In the records below, find the line with "pussylips53 webcam", then retype it and every following line exactly, stopping after the line with "bombas de gasolina". Leave the pictures out.

**Data records**:

- Opening Delimiter -

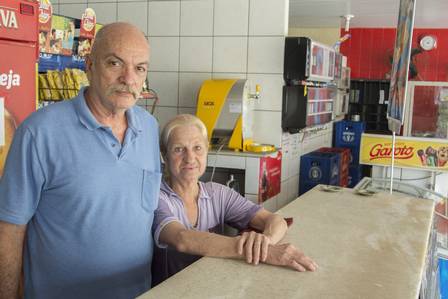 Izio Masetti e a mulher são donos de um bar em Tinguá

- Closing Delimiter -
- Opening Delimiter -

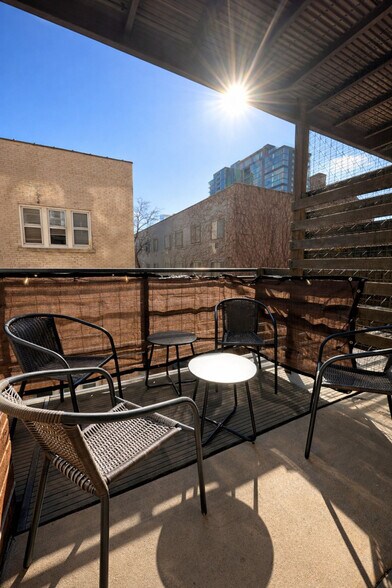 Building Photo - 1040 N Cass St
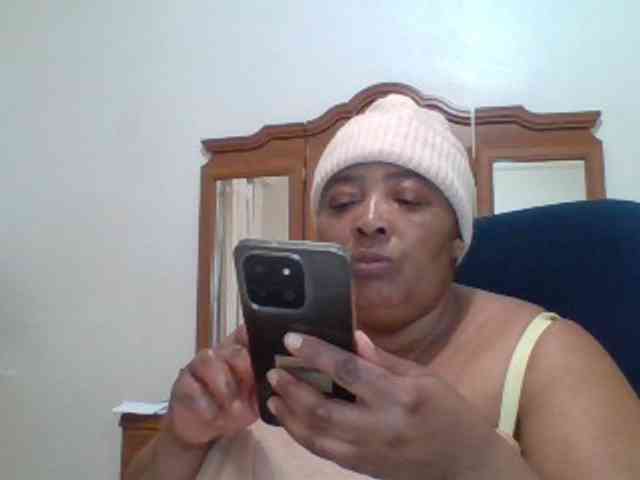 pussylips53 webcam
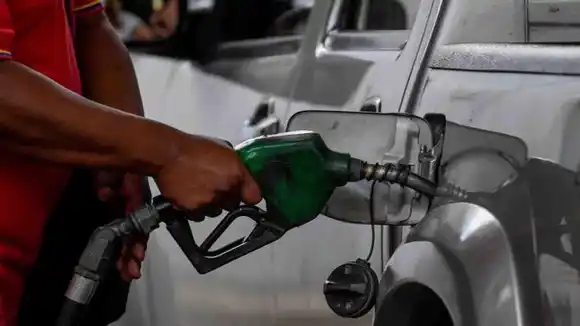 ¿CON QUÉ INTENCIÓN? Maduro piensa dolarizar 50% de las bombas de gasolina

- Closing Delimiter -
- Opening Delimiter -

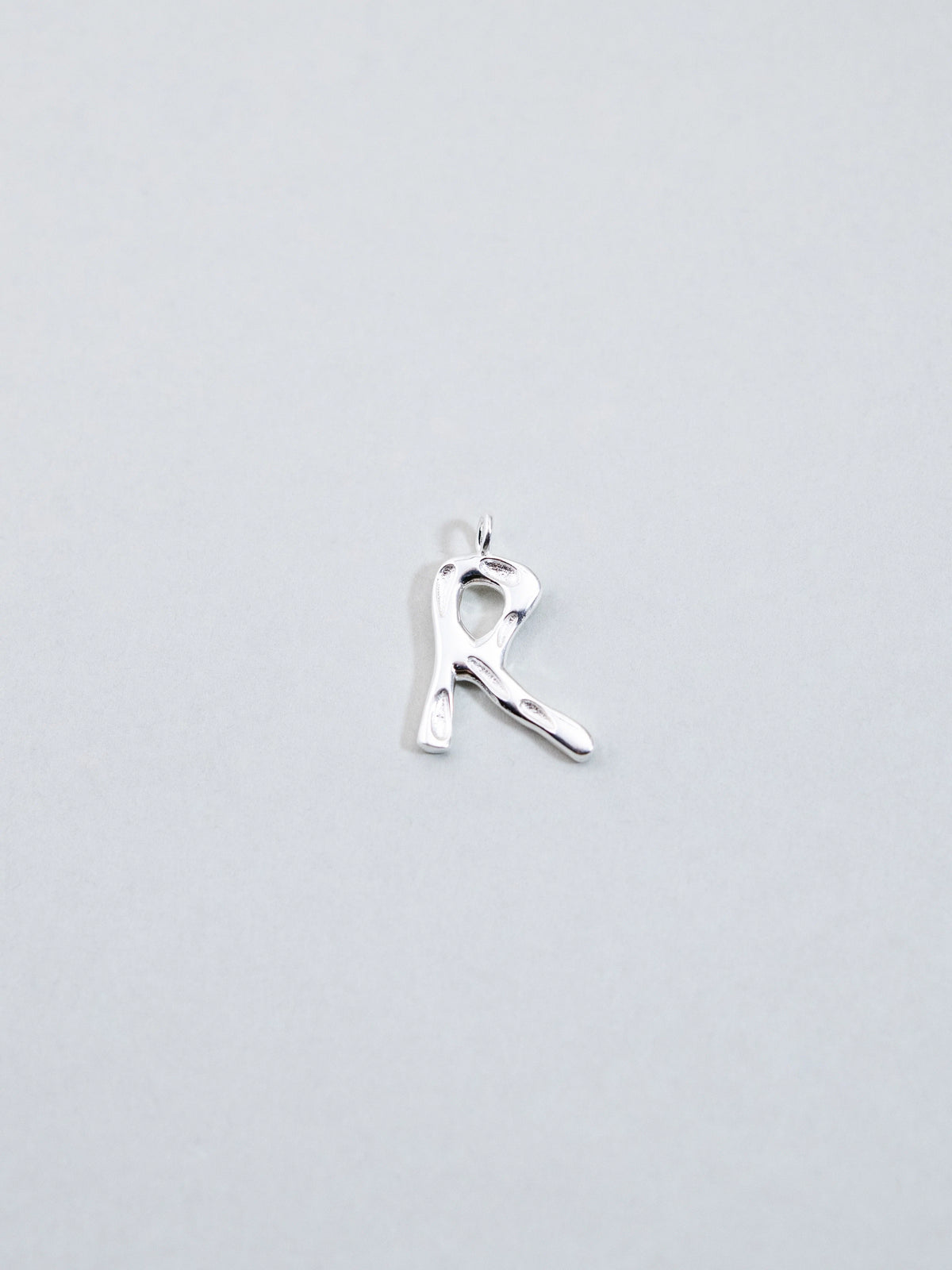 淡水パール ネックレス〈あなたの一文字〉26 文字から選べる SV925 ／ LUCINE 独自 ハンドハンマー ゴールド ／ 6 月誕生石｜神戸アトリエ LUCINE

- Closing Delimiter -

**Task result**:
 pussylips53 webcam
 ¿CON QUÉ INTENCIÓN? Maduro piensa dolarizar 50% de las bombas de gasolina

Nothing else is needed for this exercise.